- _Task instructions_:
Restrict the output to the lines below starting at the one that contains "Habitación de Apartamento" and ending at the one that contains "Stuart Ramsay, autorul", and restate them word for word, both ends included.

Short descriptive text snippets

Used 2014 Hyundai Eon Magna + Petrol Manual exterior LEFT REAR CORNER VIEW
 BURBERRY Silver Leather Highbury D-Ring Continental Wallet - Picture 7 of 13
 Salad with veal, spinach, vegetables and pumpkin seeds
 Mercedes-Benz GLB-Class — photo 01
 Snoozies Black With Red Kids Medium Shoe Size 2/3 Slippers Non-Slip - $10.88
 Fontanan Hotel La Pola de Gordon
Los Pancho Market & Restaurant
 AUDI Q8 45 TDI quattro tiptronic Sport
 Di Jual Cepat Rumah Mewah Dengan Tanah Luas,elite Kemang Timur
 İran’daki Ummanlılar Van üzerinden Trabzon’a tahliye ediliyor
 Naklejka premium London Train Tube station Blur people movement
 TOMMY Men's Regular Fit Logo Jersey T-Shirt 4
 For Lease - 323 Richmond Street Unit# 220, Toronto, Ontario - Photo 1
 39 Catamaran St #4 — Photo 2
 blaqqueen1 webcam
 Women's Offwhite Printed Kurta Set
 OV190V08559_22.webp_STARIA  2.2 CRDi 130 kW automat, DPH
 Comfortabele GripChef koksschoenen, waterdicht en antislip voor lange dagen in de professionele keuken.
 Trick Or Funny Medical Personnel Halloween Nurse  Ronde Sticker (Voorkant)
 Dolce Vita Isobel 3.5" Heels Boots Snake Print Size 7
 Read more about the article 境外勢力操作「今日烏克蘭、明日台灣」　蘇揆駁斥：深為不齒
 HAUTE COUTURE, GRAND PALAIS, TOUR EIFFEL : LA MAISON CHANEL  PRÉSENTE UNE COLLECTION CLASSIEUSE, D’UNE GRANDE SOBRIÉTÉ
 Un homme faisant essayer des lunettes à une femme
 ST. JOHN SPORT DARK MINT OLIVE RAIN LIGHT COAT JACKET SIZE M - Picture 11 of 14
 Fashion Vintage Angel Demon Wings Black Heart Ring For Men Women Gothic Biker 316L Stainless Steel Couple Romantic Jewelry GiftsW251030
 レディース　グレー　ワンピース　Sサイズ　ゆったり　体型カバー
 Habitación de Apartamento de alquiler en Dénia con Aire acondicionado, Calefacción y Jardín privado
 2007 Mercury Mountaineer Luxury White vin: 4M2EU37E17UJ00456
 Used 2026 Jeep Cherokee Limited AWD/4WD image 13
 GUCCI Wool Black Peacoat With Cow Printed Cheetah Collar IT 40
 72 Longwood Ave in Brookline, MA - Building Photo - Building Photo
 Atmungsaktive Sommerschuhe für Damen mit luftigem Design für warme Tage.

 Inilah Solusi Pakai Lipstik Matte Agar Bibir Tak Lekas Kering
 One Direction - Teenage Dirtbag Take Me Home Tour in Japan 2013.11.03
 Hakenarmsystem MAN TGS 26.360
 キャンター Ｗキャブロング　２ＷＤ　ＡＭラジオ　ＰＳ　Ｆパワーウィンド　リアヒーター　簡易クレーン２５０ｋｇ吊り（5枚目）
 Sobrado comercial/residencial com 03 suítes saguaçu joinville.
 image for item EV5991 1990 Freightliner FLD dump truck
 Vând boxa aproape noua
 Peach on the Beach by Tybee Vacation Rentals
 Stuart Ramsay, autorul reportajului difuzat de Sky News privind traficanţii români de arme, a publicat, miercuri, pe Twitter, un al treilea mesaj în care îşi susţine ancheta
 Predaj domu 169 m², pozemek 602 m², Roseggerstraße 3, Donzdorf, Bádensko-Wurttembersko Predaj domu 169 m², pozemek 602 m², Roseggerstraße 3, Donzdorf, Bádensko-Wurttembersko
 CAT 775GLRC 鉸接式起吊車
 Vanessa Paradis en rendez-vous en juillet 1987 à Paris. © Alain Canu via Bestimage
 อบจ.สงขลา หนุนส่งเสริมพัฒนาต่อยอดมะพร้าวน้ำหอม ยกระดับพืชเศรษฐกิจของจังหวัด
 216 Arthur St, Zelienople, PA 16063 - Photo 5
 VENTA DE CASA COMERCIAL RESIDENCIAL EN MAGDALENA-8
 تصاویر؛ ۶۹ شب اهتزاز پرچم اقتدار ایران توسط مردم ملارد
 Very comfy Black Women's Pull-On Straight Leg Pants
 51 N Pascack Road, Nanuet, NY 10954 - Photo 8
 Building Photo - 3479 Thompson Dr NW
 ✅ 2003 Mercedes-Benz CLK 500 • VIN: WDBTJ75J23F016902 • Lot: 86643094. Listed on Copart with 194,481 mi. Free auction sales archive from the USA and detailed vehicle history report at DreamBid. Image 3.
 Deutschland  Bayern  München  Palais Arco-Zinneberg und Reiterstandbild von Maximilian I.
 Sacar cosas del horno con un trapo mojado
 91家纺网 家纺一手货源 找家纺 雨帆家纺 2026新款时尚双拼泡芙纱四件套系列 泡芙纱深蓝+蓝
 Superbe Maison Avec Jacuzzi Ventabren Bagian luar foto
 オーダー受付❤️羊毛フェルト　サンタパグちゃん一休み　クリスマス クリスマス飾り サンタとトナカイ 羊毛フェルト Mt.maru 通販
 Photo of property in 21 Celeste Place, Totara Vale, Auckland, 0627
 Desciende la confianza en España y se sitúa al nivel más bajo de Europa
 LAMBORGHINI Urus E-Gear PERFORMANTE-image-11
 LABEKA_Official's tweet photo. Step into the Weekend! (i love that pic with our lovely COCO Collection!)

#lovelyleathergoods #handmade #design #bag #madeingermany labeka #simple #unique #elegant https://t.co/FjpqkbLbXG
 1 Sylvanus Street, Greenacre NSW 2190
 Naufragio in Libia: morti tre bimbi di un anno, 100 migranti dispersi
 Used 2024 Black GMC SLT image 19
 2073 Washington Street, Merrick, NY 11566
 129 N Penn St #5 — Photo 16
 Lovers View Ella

- _Task solution_:
 Habitación de Apartamento de alquiler en Dénia con Aire acondicionado, Calefacción y Jardín privado
 2007 Mercury Mountaineer Luxury White vin: 4M2EU37E17UJ00456
 Used 2026 Jeep Cherokee Limited AWD/4WD image 13
 GUCCI Wool Black Peacoat With Cow Printed Cheetah Collar IT 40
 72 Longwood Ave in Brookline, MA - Building Photo - Building Photo
 Atmungsaktive Sommerschuhe für Damen mit luftigem Design für warme Tage.

 Inilah Solusi Pakai Lipstik Matte Agar Bibir Tak Lekas Kering
 One Direction - Teenage Dirtbag Take Me Home Tour in Japan 2013.11.03
 Hakenarmsystem MAN TGS 26.360
 キャンター Ｗキャブロング　２ＷＤ　ＡＭラジオ　ＰＳ　Ｆパワーウィンド　リアヒーター　簡易クレーン２５０ｋｇ吊り（5枚目）
 Sobrado comercial/residencial com 03 suítes saguaçu joinville.
 image for item EV5991 1990 Freightliner FLD dump truck
 Vând boxa aproape noua
 Peach on the Beach by Tybee Vacation Rentals
 Stuart Ramsay, autorul reportajului difuzat de Sky News privind traficanţii români de arme, a publicat, miercuri, pe Twitter, un al treilea mesaj în care îşi susţine ancheta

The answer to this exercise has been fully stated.